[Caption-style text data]
============

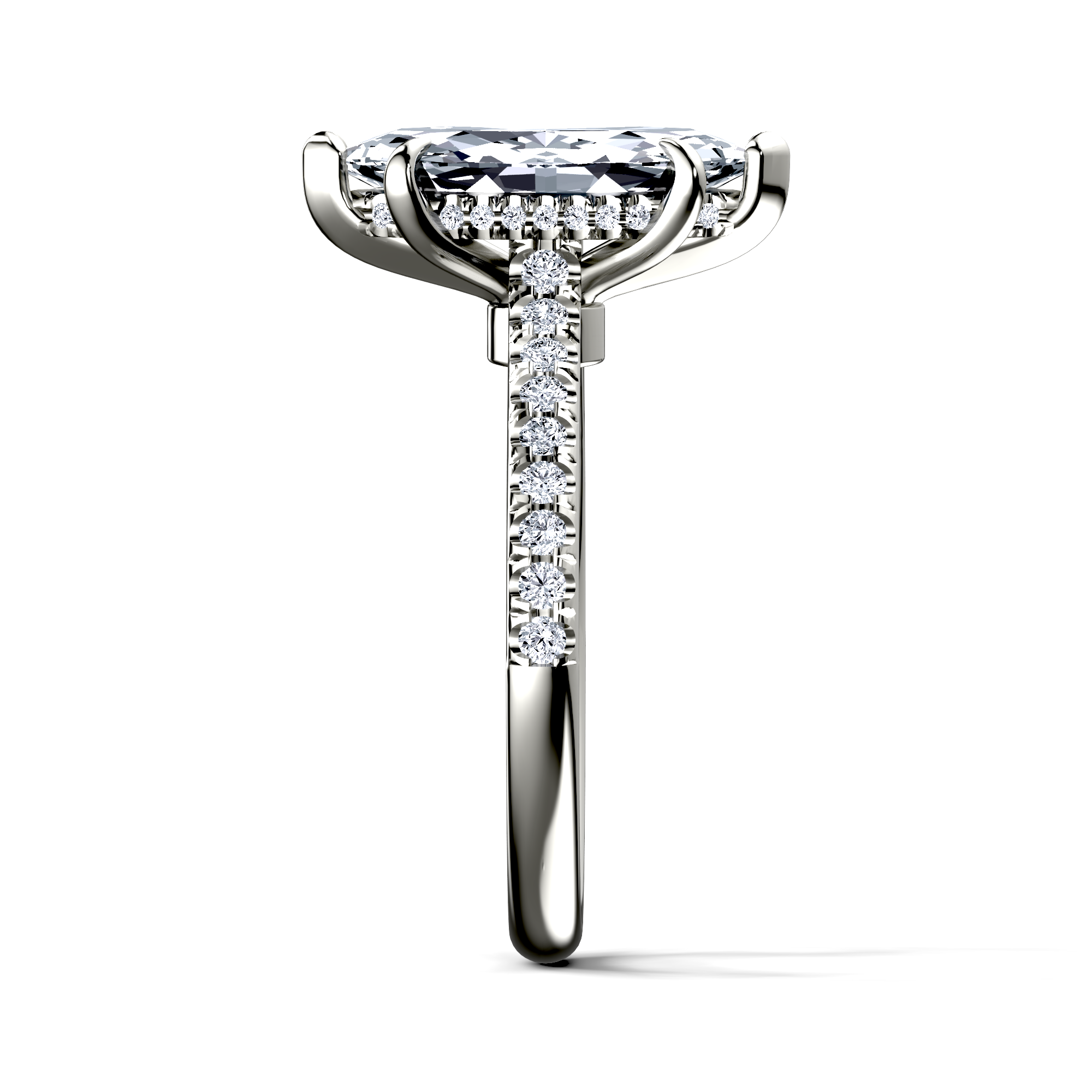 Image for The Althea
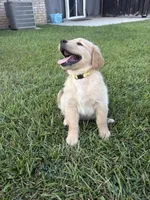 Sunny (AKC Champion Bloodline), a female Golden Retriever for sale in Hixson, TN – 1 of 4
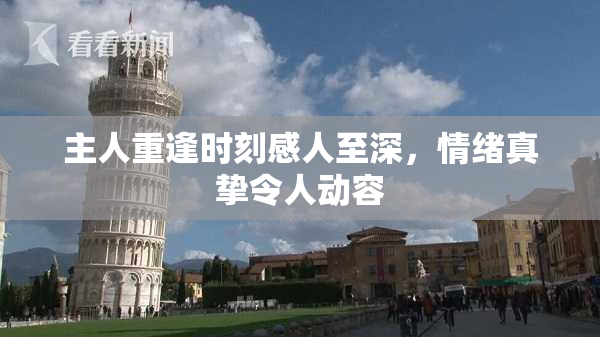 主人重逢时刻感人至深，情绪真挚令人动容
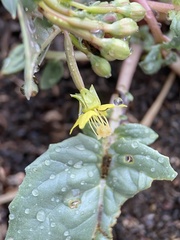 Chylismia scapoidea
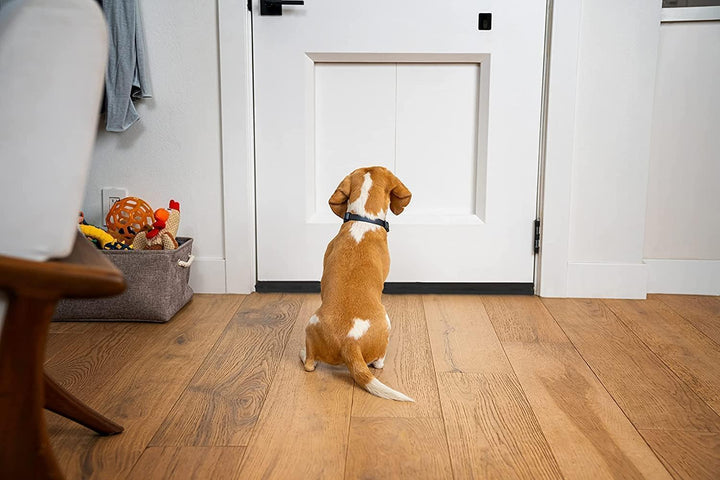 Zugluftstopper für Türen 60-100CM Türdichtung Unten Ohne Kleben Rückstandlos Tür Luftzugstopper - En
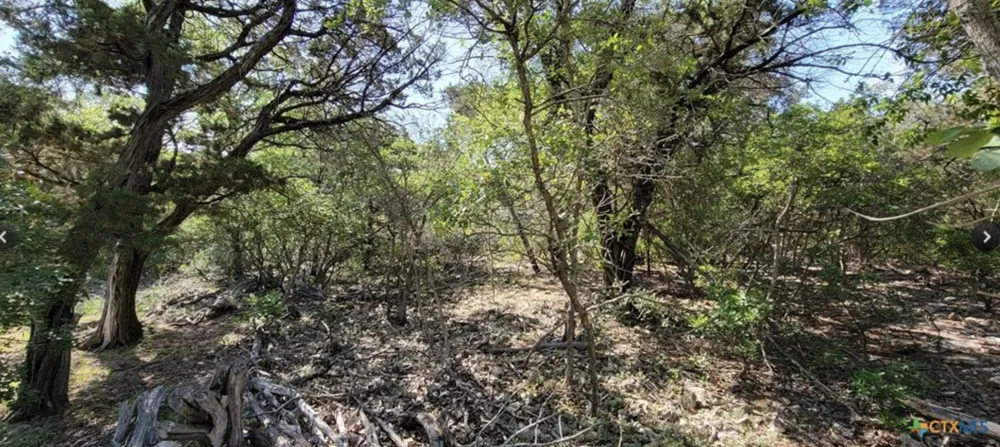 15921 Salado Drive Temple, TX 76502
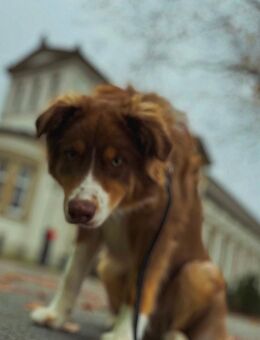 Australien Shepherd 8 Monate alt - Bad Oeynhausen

============

**WORK INSTRUCTIONS**
Within the entries above, the lines from the one with "15921 Salado Drive Temple, TX 76502" through the final line are to be printed exactly, with the pictures removed.

**RESPONSE TO THIS TASK**
 15921 Salado Drive Temple, TX 76502
 Australien Shepherd 8 Monate alt - Bad Oeynhausen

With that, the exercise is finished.